In the early 20th century, engineers and architects were certainly thinking outside the box when it came to city planning here in New York. There was the proposal to fill in the Hudson River for traffic and housing, the idea to create a giant conveyor belt to carry people between Grand Central and Times Square, and the plan tostack the city like a layered cake. Though these ideas sound whacky, they were born from the rise of the automobile and suburbinization. With many Americans moving out of urban centers, planners sought new ways to reimagine the modern city and entice car-loving prospects.
Another such idea is this 1927 one for a 16-mile elevated highway that would have traveled across building rooftops from the Battery all the way to Yonkers. Conceived by engineer John K. Hencken, it required all buildings to be uniform at 12 stories. Within them would have been standard uses — residences, offices, schools, theaters, restaurants — and elevators to take cars from the street to the skyway.

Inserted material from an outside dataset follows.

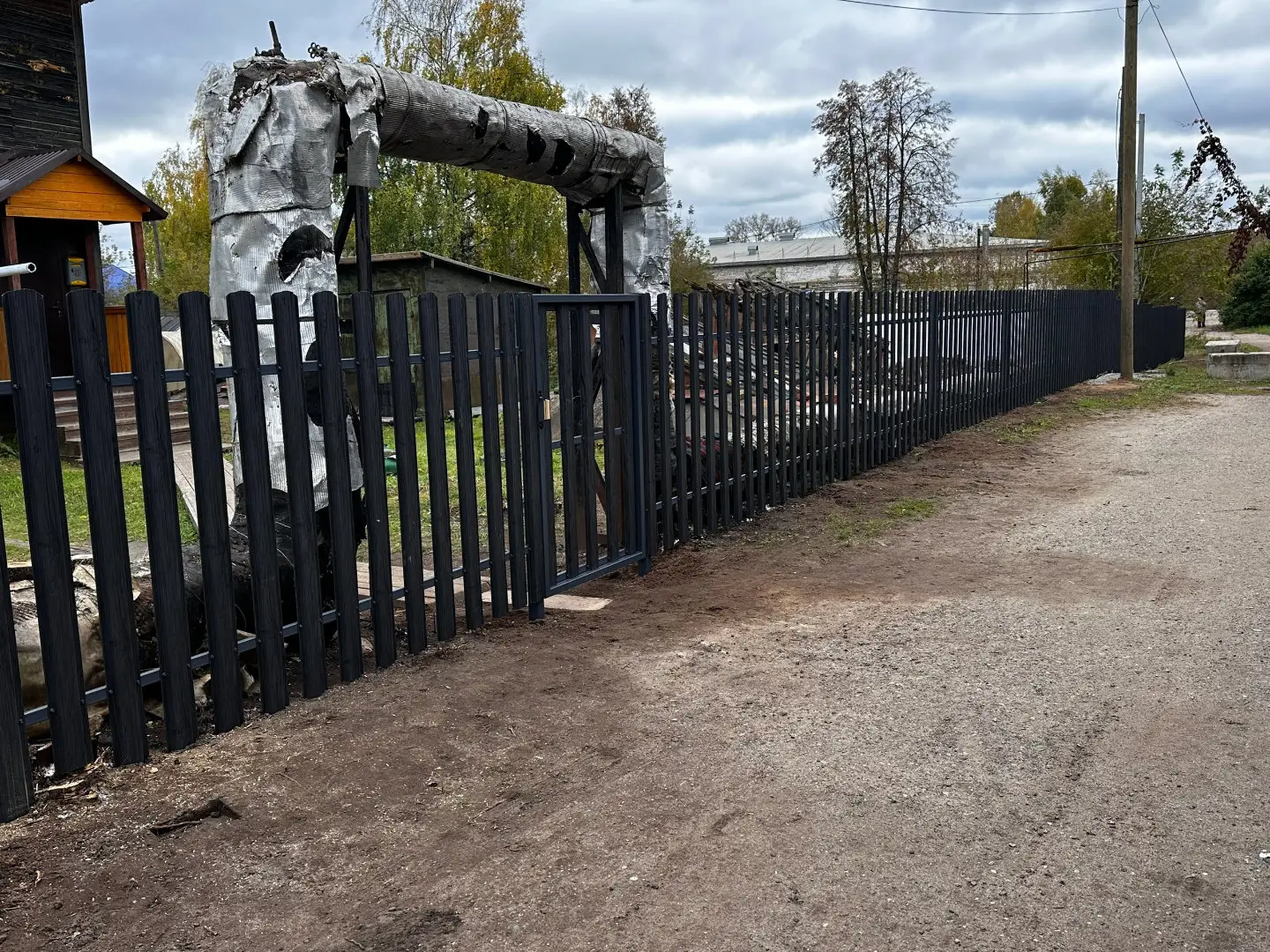 Забор из евроштакетника 63м Черное Дерево 3D Принтек фото 5 в Уфе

Sure it’s crazy and was never built, but at the time, Hencken’s proposal was “approved by a number of eminent engineers and city planners. They say it is entirely feasible from an engineering standpoint,” according to a Popular Science article in which it was featured. The article continued: “Our artist pictures here an ingenious new plan for solving NYC’s traffic problems by a remarkable system of roof-top boulevards running more than sixteen miles in a straight line through the heart of the city. Bridging of cross streets for free movement of traffic; moving platforms for speedy and convenient service; healthful elevated playgrounds for children; underground railway freight service—these are some of its outstanding features.”